Folksonomy dataset for NLP (delicious.com bookmarks) [Sep. 7th, 2009|04:03 am]
Arvind Narayanan
Several of my current projects have to do with Natural Language Processing. Over the weekend, I built a topic categorization engine; one of the datasets that I used was bookmarks from delicious.com. I was mainly interested in the tags and the relationships between them.

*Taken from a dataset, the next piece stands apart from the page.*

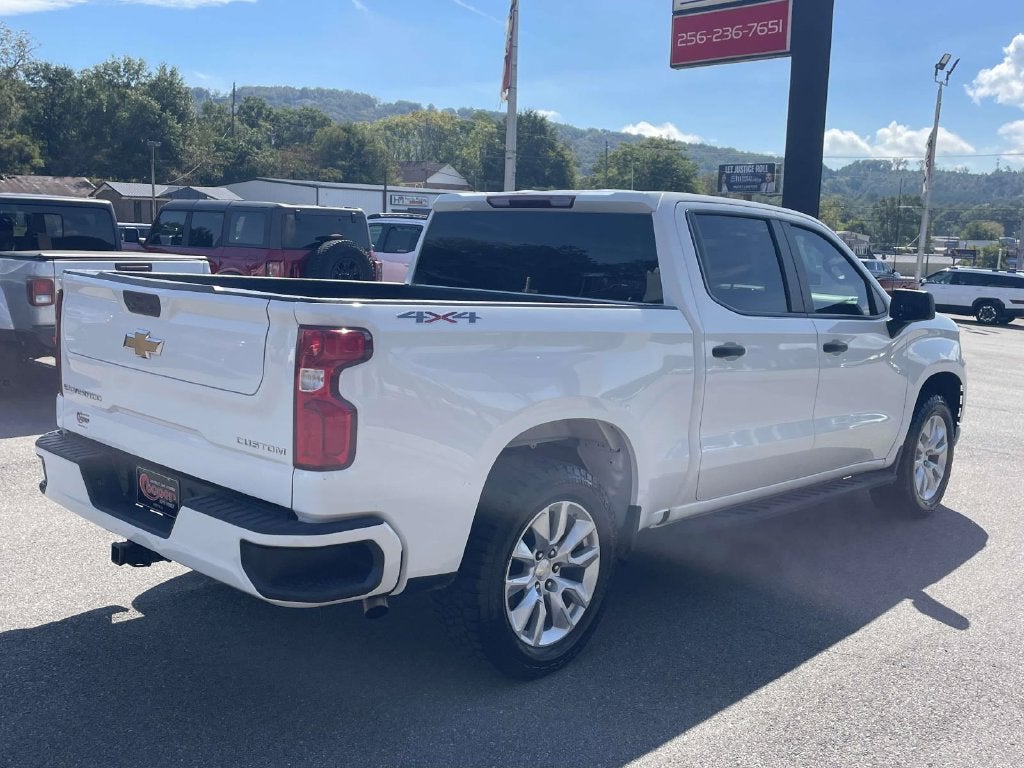 2022 Chevrolet Silverado 1500 LTD Custom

Delicious doesn't make this data available for bulk download, but they do have an RSS feed of site-wide bookmarking activity. The average rate is slightly over 1 new (public) bookmark per second. I've been slurping up the feed for the last couple of days, so I have a dataset of around 200k bookmarks. You can grab it here. The format is JSON, one entry per line — trivial to parse.

I plan to leave my bot running until I have at least a million entries, at which point I will do another release. If anyone wants the source, I'd be happy to share, although it shouldn't take more than half an hour to write it yourself.

To learn more about the nifty data-mining possibilities of social-bookmarking data, see folksonomy. If you find the data useful, drop me a note and let me know. Enjoy.

From: fixious
2009-09-11 05:51 am (UTC)
Cool, thanks. I did a class project using delicious data some years back, and it'll be fun to visit that kind of stuff again.
From: (Anonymous)
2009-09-11 06:40 am (UTC)
did you have to slurp it as well or was there a better way to get it?
[User Picture]From: arvindn
2009-09-11 06:41 am (UTC)
crap, that was me above.
From: fixious
2009-09-11 07:32 am (UTC)
Yup, slurped.